City-wide food scraps collection program projected to start in 2016

New organics collection program stirs up interest

Graphics Courtesy City of Davis Public Works Department.

On Feb. 25 the Veterans Memorial Center, located at 203 East 14th Street, hosted a community meeting regarding the proposed Davis city-wide food scraps collection.

The city-wide program, projected to start at the end of 2016 would give single-family residential customers a 95-gallon organics cart that would be picked up once a week, the same day that trash and recycling are picked up. Apartment, multi-family and non-restaurant commercial customers would receive a 95-gallon organics cart per parcel, which would be picked up on the same day as residential carts. Restaurants and other commercial customers would receive a 65-gallon organics cart, which would be picked up twice a week, due to the large amounts of waste produced.

While details concerning sanitation, fee for extra carts and rebates for residents who do not produce 95-gallons of waste are still being discussed, individuals have been showing enthusiasm for the prospective program.

Jennifer Gilbert, the conservation coordinator for the City of Davis, explains that the contract with Davis Waste Removal, the private company that hauls the City’s garbage, recycling and yard waste, was signed Feb. 17. She adds that this was the first step needed to move forward with the Organics Program.

“We started in 2007 because we wanted to do a large pilot program to put more carts out on the streets and [to] reduce yard waste but that kind of fell through so here we are now trying to put everything together and we’re going to try it out….[The counsel approved] our integrated waste management plan that we put together in 2013….We’re actually starting to get the process going so that this can happen,” Gilbert said.

When asked what the program planners had been doing during the one year after the city council approved working with Davis Waste Removal, Gilbert responded that action focused on the contract.

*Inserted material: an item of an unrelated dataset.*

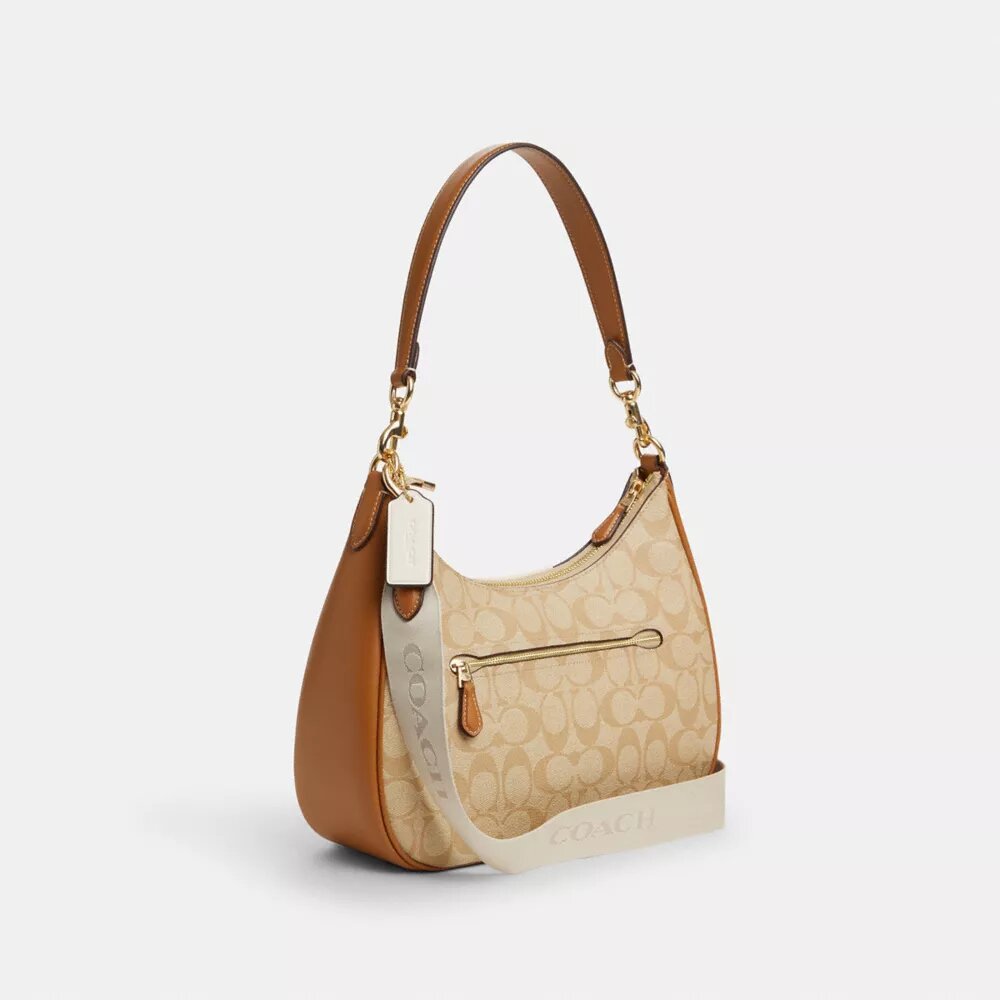 Torebka typu hobo Teri z Signature Canvas w paski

“[We were] negotiating our contract with Davis Waste Removal. Step one was that we needed the contract. That contract was signed last Tuesday and so here we are. We finally got the contract signed and now we’re ready to roll,” Gilbert said.

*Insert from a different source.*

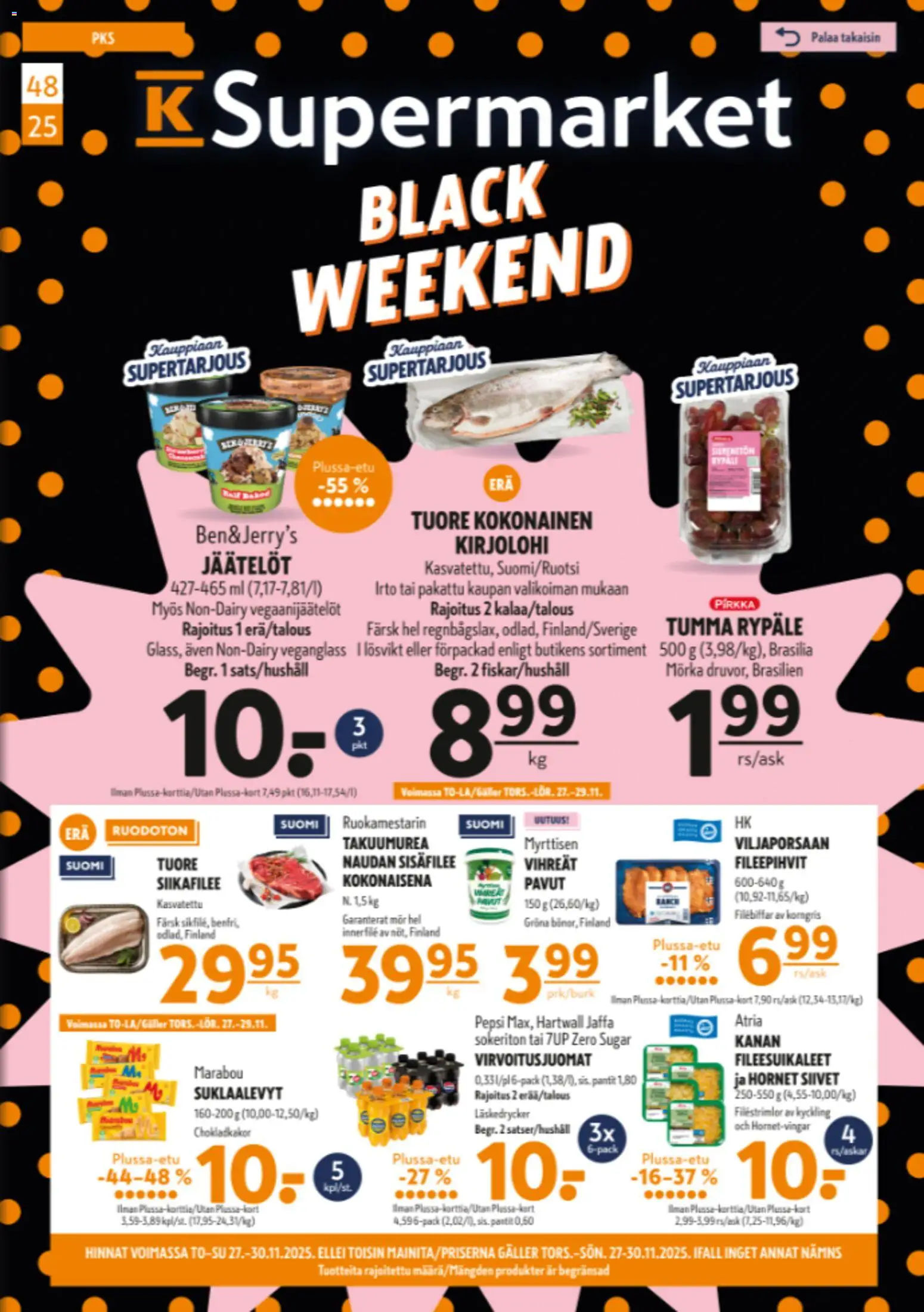 K-Supermarket - Black Friday – voimassa 27.11.2025 alkaen | Sivu: 1 | Tuotteet: Kirjolohi, Virvoitusjuomat, Pavut, Suklaalevyt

The proposed waste program would potentially remove more organic material from the landfill by prompting Davis residents to separate their waste in the provided organics carts. According to the City of Davis’ recycling website, potential environmental benefits of the program include reduced waste, greenhouse gas reduction and improved stormwater quality. Some residential benefits include improved cyclist and pedestrian safety, cleaner streets and ease of use.

“Our goal is to reach 75 percent waste diversion by 2020. And the way that we’re going to get there is by collecting all the waste,” Gilbert said.

Gilbert also emphasized during the meeting that yard waste piles would still be collected once a month, during the first full week of each month, and every week between October and December due to the high volume of dropping leaves. Another point that Gilbert drove across was that there would be no additional costs to customers.

Sarah Mandel, a gardener at Davis Community Gardens, attended the meeting and stated her thoughts concerning the program and her desire to see a composting culture in Davis.

“I have family in Berkeley where they pick up all the waste and it’s great. I mean, I understand there are some problems with it but I think it makes a lot more sense. And we’ve been composting for years and it would be nice not to have to always do it myself, to have it be part of the culture,” Mandel said.

When asked about her interest in composting, Mandel expressed personal influences.

“I’m very concerned about soil. My parents grew up on the edge of the Dust Bowl and I was taught about how important soil is… And so this is just a really crucial part of soil improvement [just] in general….It really matters to compost waste and put it back in the soil,” Mandel said.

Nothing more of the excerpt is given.